Problem | Starting with the line that holds "올바른 컴퓨터 사용방법" and stopping after the line that holds "پخش دو سریال", repeat the lines below word for word, without the pictures.

Material supplied |
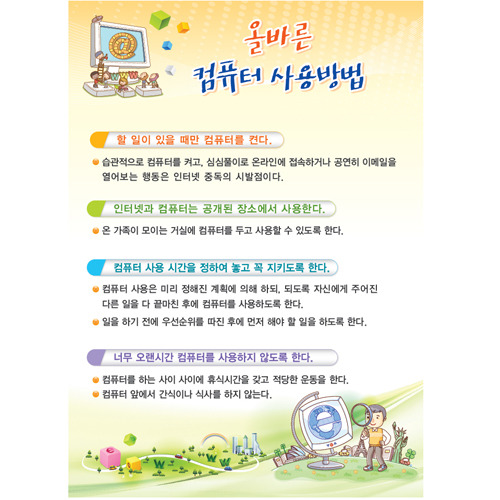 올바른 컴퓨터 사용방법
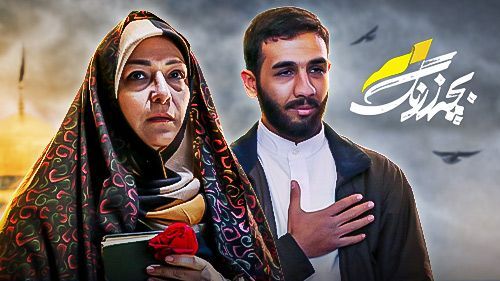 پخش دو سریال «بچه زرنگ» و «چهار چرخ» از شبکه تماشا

==

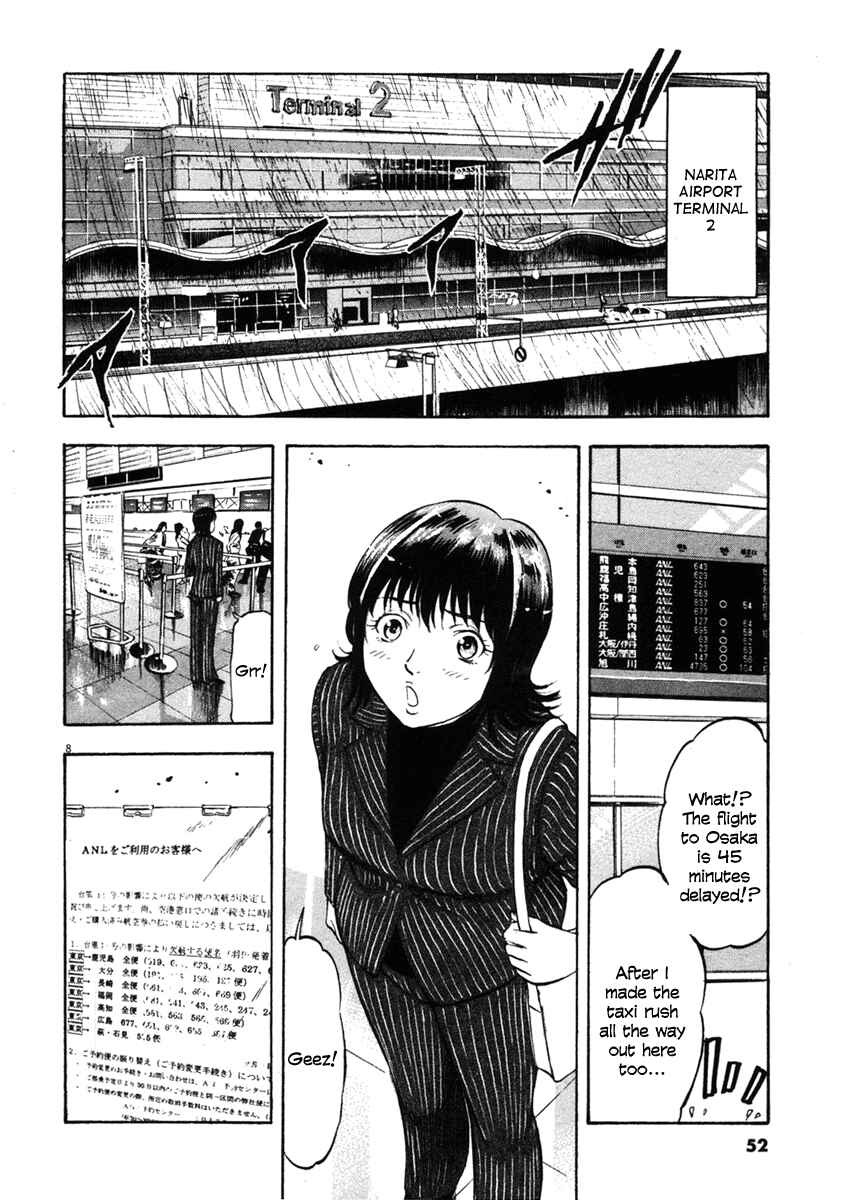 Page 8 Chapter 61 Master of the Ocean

--

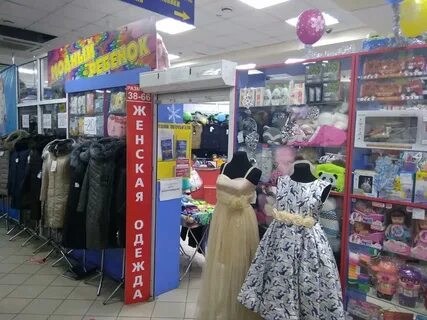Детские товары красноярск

The completed task |
 올바른 컴퓨터 사용방법
 پخش دو سریال «بچه زرنگ» و «چهار چرخ» از شبکه تماشا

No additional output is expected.